PROBLEM STATEMENT
The entries are to be printed again word for word, but no picture may appear.

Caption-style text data
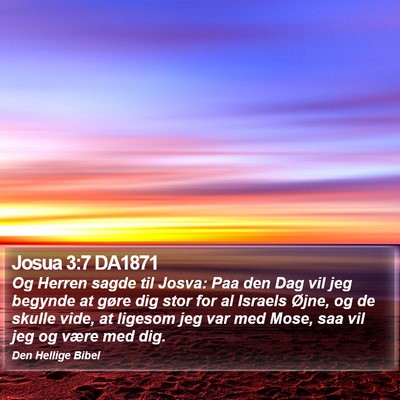 Josua 3:7 DA1871 Bible Verse Image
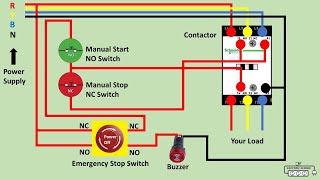 Emergency stop button switch wiring diagram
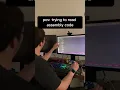 reading assembly code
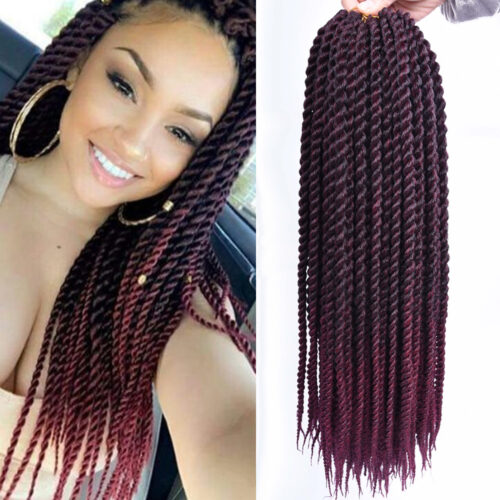 Crochet Braid Hair Synthetic Black Brown For Women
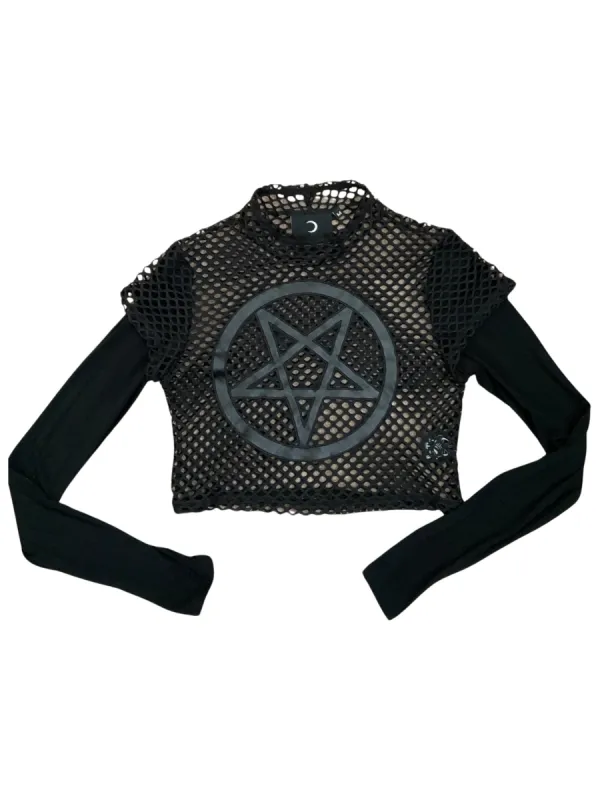 RARE APOSTASY CROP TOP MEDIUM - Resurrect sold by Killstar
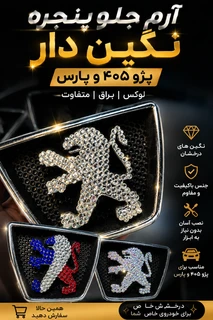 ارم جلو پنجره نگین دار 405/پارس/206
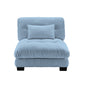 27 Armless Sofa W/1 pillow - Blue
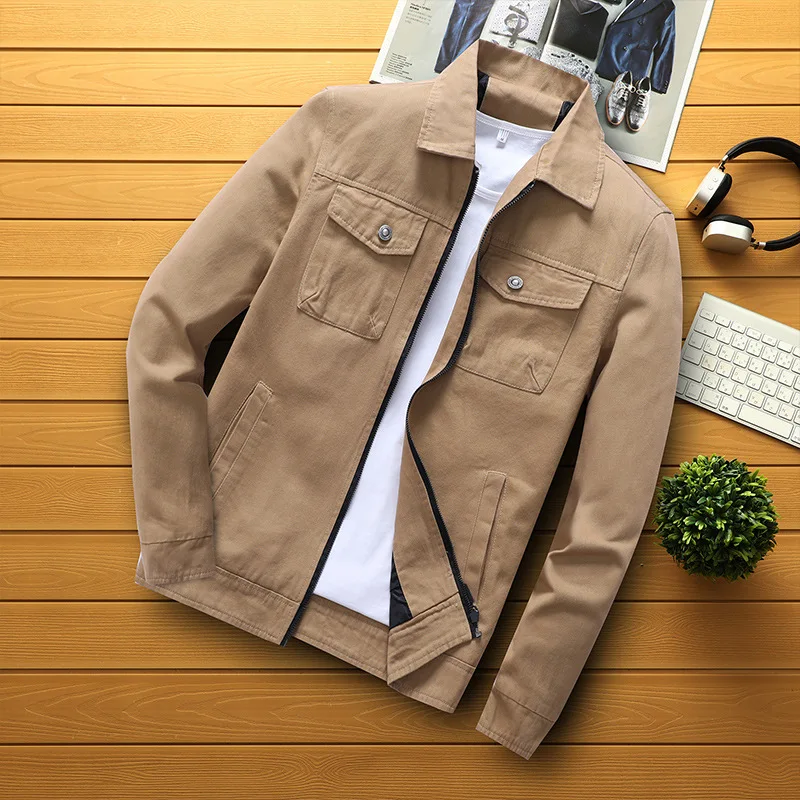 

Fall 2021 Loose Side Seam Sidekick Lapel Zipper Casual Jacket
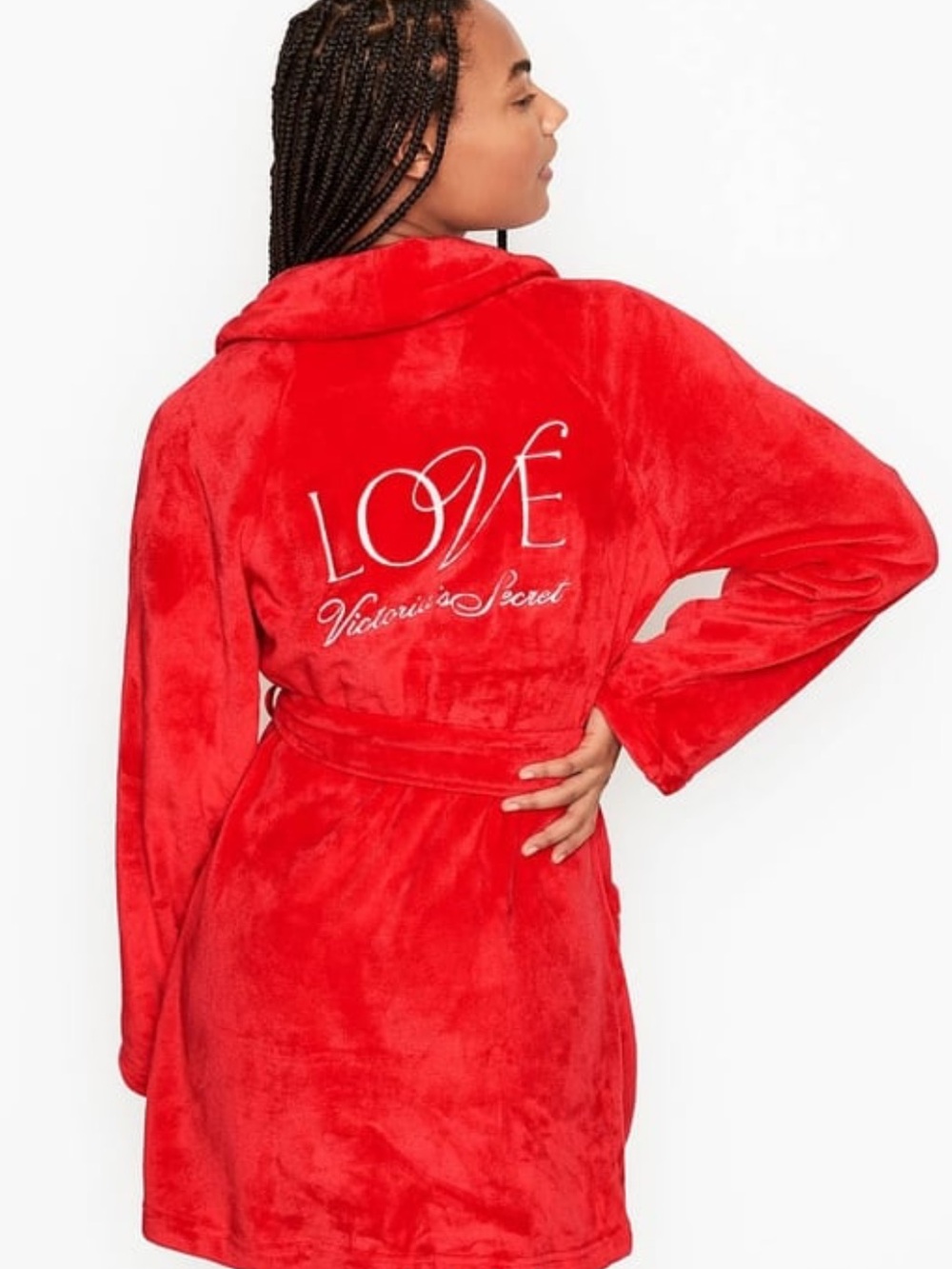 Victoria's Secret Red Plush Love Valentines Robe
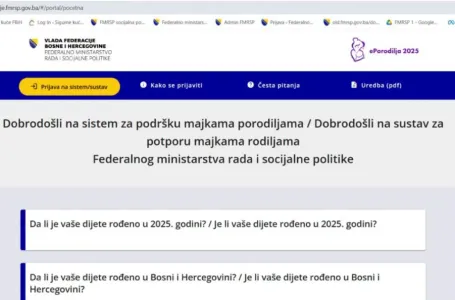 Porodilje, evo kako da se prijavite za jednokratnu novčanu pomoć od 1.000 KM u 2025. godini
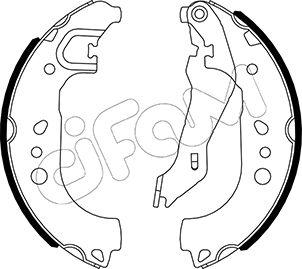 Cifam 153-537 - Drum Brake Shoe Set car-mod.net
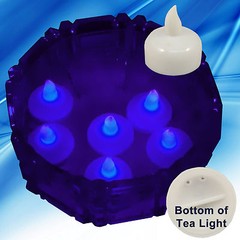 NEW 24 Purple Led Floating Floral Tea Light Candle for Wedding Centerpiece Decor
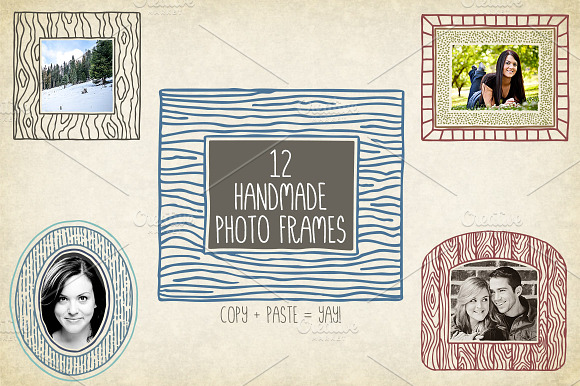 Hand Drawn Vector Frames Pack 4 preview 6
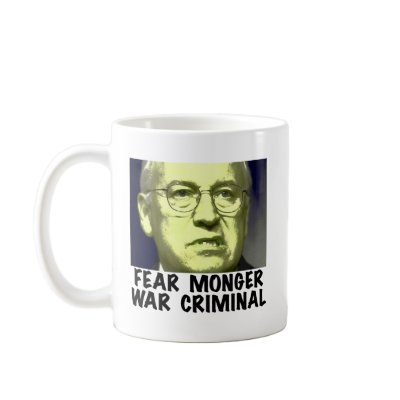 Cheney War Criminal Coffee Mugs by imeanit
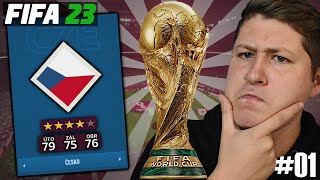 ČESKO na MISTROVSTVÍ SVĚTA v Kataru! [FIFA 23 World Cup #01]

THE COMPLETED TASK
 Josua 3:7 DA1871 Bible Verse Image
 Emergency stop button switch wiring diagram
 reading assembly code
 Crochet Braid Hair Synthetic Black Brown For Women
 RARE APOSTASY CROP TOP MEDIUM - Resurrect sold by Killstar
 ارم جلو پنجره نگین دار 405/پارس/206
 27 Armless Sofa W/1 pillow - Blue

Fall 2021 Loose Side Seam Sidekick Lapel Zipper Casual Jacket
 Victoria's Secret Red Plush Love Valentines Robe
 Porodilje, evo kako da se prijavite za jednokratnu novčanu pomoć od 1.000 KM u 2025. godini
 Cifam 153-537 - Drum Brake Shoe Set car-mod.net
 NEW 24 Purple Led Floating Floral Tea Light Candle for Wedding Centerpiece Decor
 Hand Drawn Vector Frames Pack 4 preview 6
 Cheney War Criminal Coffee Mugs by imeanit
 ČESKO na MISTROVSTVÍ SVĚTA v Kataru! [FIFA 23 World Cup #01]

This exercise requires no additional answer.